MOSCOW, Russia — A preliminary report by Dutch investigators released Tuesday all but confirmed the Malaysian airliner that crashed over war-torn eastern Ukraine in July was brought down by a missile.
The report stopped short of assigning blame, which US and Ukrainian officials believe lies squarely with pro-Russian rebels armed by Moscow.
But its conclusion that “high-energy objects” from outside the aircraft resulted in its mid-air break-up leaves little to the imagination.
What’s more, the study appears to disprove at least two official Russian theories offered over state-run media aimed at shielding the rebels from blame and weaving a convenient narrative for domestic consumption.
In theory, the findings should further pressure a Kremlin already facing another round of European sanctions. After all, it was Russia that allegedly supplied the missile system and fueled the violent insurgency that, in the words of US intelligence officials, created the conditions for its use.
But they won’t.
Less than two months after the tragedy seemed to galvanize international anger against Russian President Vladimir Putin, Ukraine’s military has suffered a humiliating reversal on the ground. Its government appears close to being forced to the negotiating table with the “terrorists” it once swore to eradicate.
Overwhelming circumstantial evidence suggests Russian military support had much to do with the stunning turnaround, but practically no Western officials have yet dared to call the move an “invasion.”
And that’s the point: As Russia has grown increasingly defiant in the face of Western admonition, it has exposed what look to be some glaring weaknesses in European and US diplomacy.
Observers have taken to calling it Putin’s “bluff” — the Russian president’s seemingly remarkable ability to exploit Western divisions and lay bare the limits of the post-Cold War West. It’s allowed him to navigate his country’s so-called “near abroad” in a way that’s effectively proven, as The Economist suggested on Sept. 6, that he cares far more than Brussels or Washington about Ukraine’s future.
The situation is especially damning for NATO. Some experts suggest the Cold War alliance has been left stumped as Russia has surreptitiously poured its troops into a sovereign European country on its doorstep.

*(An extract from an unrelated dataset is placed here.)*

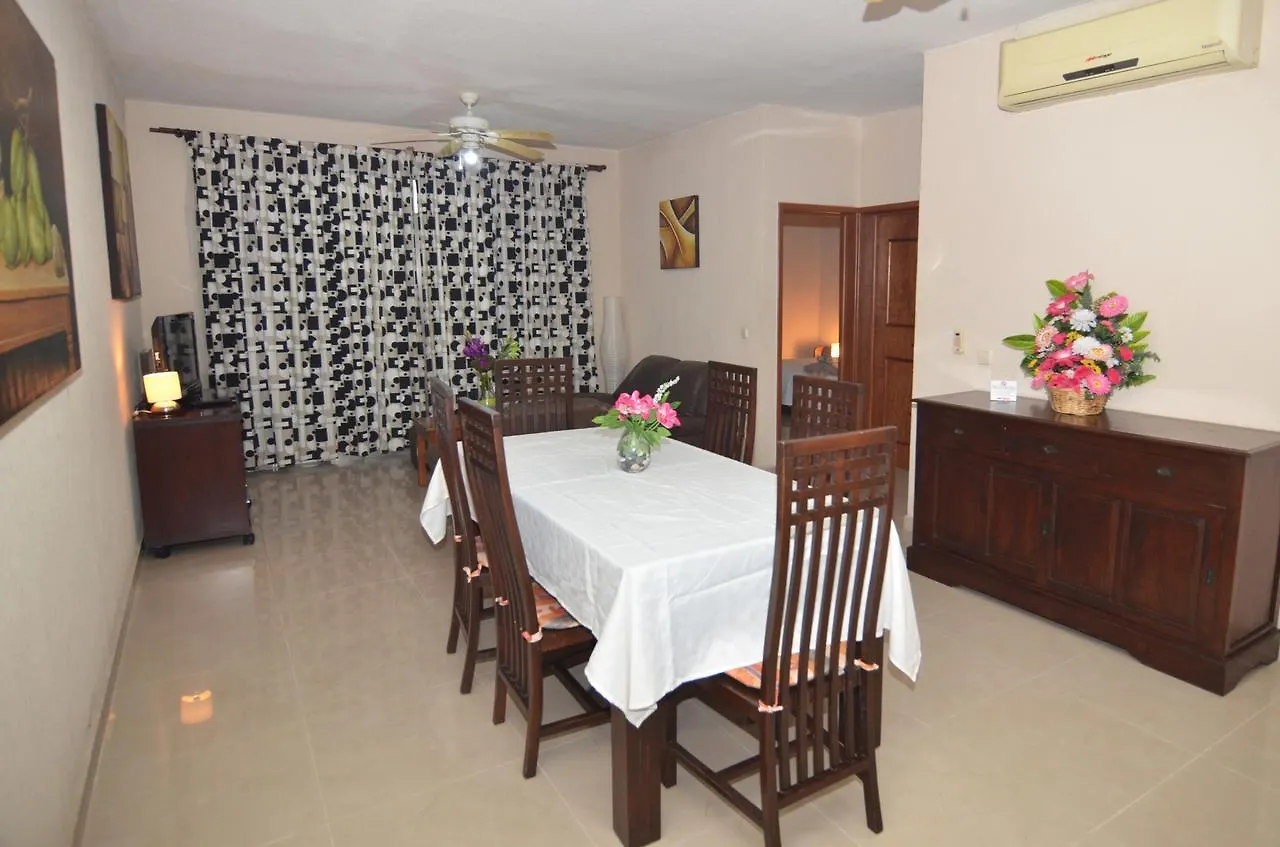 Rinconada Del Mar Apartamentos Playa del Carmen 3*,  México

“The Ukrainian crisis has revealed the political limits of the alliance, as leaders have been unable to promote the case for intervention,” wrote Alexandra de Hoop Scheffer, a senior fellow at the German Marshall Fund, in a New York Times opinion column on Tuesday.
In a telling move, the European Union approved a new round of sanctions on Monday but held off on enforcing them in order to assess whether Russia was honoring the ceasefire agreed between Ukrainian forces and separatist rebels.
Even if and when the EU does impose those sanctions, Russia has promised a punishing response.
With its recent sweeping ban on Western food imports, the Kremlin has already proved it’s not afraid to do so, even if it means paying dearly. The pay-off is clearly, if not always logically, much larger.
Meanwhile, the rebel leadership is demanding self-rule for the entire Donetsk and Luhansk regions — not just the area they currently control, which is steadily increasing anyway. Given its increasingly comfortable bargaining position, bolstered in no small part by Russian artillery and troop support, that prospect isn't totally unlikely.
It remains to be seen just how hard the newest round — and, indeed, previous rounds — of sanctions will bite.
But as far as cautious preliminary investigations by Dutch Safety Boards go, there is little hope in observers holding their breath for any concessions from Moscow.